(Pictures with short captions)

↓

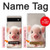 S3979 Cute Baby Pig Hülle Schutzhülle Taschen für Google Pixel 6a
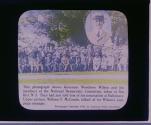 This photograph shows Governor Woodrow Wilson and the members of the National Democratic Committee....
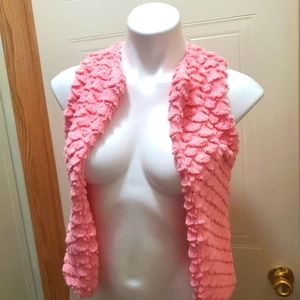 Girl's Pink Plush Vest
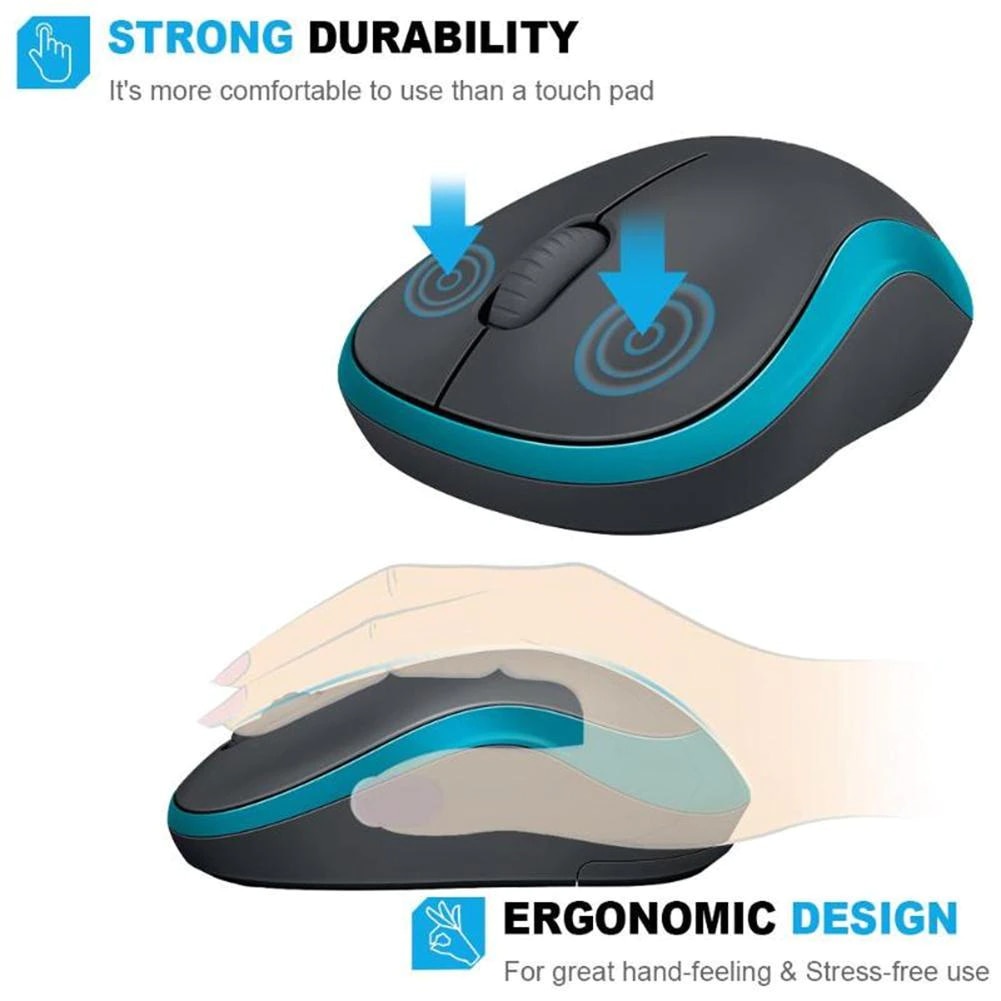 Chuột máy tính không dây Logitech M185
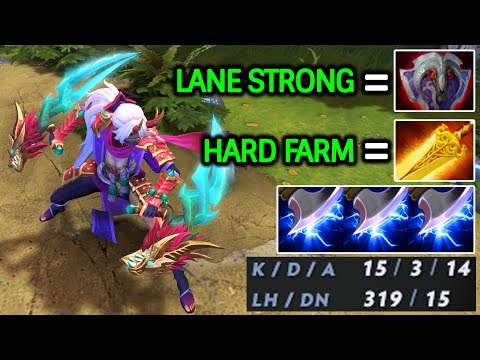 ANTI MAGE Farm Hard, Lane Strong – Vanguard + Radiance Build Dota 2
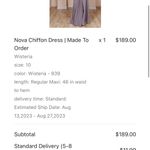 NWT Revelry Bridesmaid Dress In Wisteria Purple Size 10 Photo 9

↑

Reproduce each line above precisely, with no pictures.

 S3979 Cute Baby Pig Hülle Schutzhülle Taschen für Google Pixel 6a
 This photograph shows Governor Woodrow Wilson and the members of the National Democratic Committee....
 Girl's Pink Plush Vest
 Chuột máy tính không dây Logitech M185
 ANTI MAGE Farm Hard, Lane Strong – Vanguard + Radiance Build Dota 2
 NWT Revelry Bridesmaid Dress In Wisteria Purple Size 10 Photo 9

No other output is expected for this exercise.